EXERCISE PROMPT.
Starting with the first line below, reproduce each line exactly until you have included the one bearing "Fototapeta na wymiar".

(EXERCISE DATA begins)

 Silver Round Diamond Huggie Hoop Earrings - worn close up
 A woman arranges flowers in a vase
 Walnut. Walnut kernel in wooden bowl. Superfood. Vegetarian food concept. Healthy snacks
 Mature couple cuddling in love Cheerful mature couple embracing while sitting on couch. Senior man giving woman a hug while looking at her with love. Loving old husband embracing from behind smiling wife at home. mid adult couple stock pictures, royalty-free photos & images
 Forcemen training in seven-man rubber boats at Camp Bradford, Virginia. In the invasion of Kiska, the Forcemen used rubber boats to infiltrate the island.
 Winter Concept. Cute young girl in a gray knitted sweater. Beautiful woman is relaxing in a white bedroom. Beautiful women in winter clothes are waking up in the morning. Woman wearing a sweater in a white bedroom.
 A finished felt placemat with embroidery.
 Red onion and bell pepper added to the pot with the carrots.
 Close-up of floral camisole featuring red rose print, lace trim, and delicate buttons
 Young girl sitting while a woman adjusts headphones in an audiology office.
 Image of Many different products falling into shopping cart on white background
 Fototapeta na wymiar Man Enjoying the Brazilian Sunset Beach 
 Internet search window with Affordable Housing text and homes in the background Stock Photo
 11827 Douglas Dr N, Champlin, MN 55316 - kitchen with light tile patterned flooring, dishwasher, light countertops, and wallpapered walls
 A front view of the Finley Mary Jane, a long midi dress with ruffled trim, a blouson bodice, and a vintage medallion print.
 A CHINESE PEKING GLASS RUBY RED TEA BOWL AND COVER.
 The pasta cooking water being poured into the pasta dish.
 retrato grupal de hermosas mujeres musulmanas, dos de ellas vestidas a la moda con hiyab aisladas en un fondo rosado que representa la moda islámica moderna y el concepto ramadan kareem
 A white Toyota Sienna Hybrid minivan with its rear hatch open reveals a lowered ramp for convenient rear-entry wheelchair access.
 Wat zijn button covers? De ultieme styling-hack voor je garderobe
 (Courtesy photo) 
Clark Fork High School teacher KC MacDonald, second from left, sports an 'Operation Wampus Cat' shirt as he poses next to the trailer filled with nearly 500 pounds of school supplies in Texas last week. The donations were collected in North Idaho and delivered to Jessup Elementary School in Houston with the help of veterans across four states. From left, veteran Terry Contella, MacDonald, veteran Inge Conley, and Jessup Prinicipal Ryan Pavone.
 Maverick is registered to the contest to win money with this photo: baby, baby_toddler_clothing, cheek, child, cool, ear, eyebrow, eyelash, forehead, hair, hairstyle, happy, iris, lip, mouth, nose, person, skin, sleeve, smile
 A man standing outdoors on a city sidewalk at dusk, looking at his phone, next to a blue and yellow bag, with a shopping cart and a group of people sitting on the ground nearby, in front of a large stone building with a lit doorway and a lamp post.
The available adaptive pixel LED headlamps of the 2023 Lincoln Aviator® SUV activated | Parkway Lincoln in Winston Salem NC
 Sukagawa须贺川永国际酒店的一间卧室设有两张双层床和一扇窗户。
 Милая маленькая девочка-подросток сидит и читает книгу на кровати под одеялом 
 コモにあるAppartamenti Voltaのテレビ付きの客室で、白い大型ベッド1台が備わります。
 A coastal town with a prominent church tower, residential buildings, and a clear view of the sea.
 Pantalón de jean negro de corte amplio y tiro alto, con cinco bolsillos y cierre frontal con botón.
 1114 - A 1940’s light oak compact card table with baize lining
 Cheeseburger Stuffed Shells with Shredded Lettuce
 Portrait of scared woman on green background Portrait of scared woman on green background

(EXERCISE DATA ends)

TASK SOLUTION.
 Silver Round Diamond Huggie Hoop Earrings - worn close up
 A woman arranges flowers in a vase
 Walnut. Walnut kernel in wooden bowl. Superfood. Vegetarian food concept. Healthy snacks
 Mature couple cuddling in love Cheerful mature couple embracing while sitting on couch. Senior man giving woman a hug while looking at her with love. Loving old husband embracing from behind smiling wife at home. mid adult couple stock pictures, royalty-free photos & images
 Forcemen training in seven-man rubber boats at Camp Bradford, Virginia. In the invasion of Kiska, the Forcemen used rubber boats to infiltrate the island.
 Winter Concept. Cute young girl in a gray knitted sweater. Beautiful woman is relaxing in a white bedroom. Beautiful women in winter clothes are waking up in the morning. Woman wearing a sweater in a white bedroom.
 A finished felt placemat with embroidery.
 Red onion and bell pepper added to the pot with the carrots.
 Close-up of floral camisole featuring red rose print, lace trim, and delicate buttons
 Young girl sitting while a woman adjusts headphones in an audiology office.
 Image of Many different products falling into shopping cart on white background
 Fototapeta na wymiar Man Enjoying the Brazilian Sunset Beach 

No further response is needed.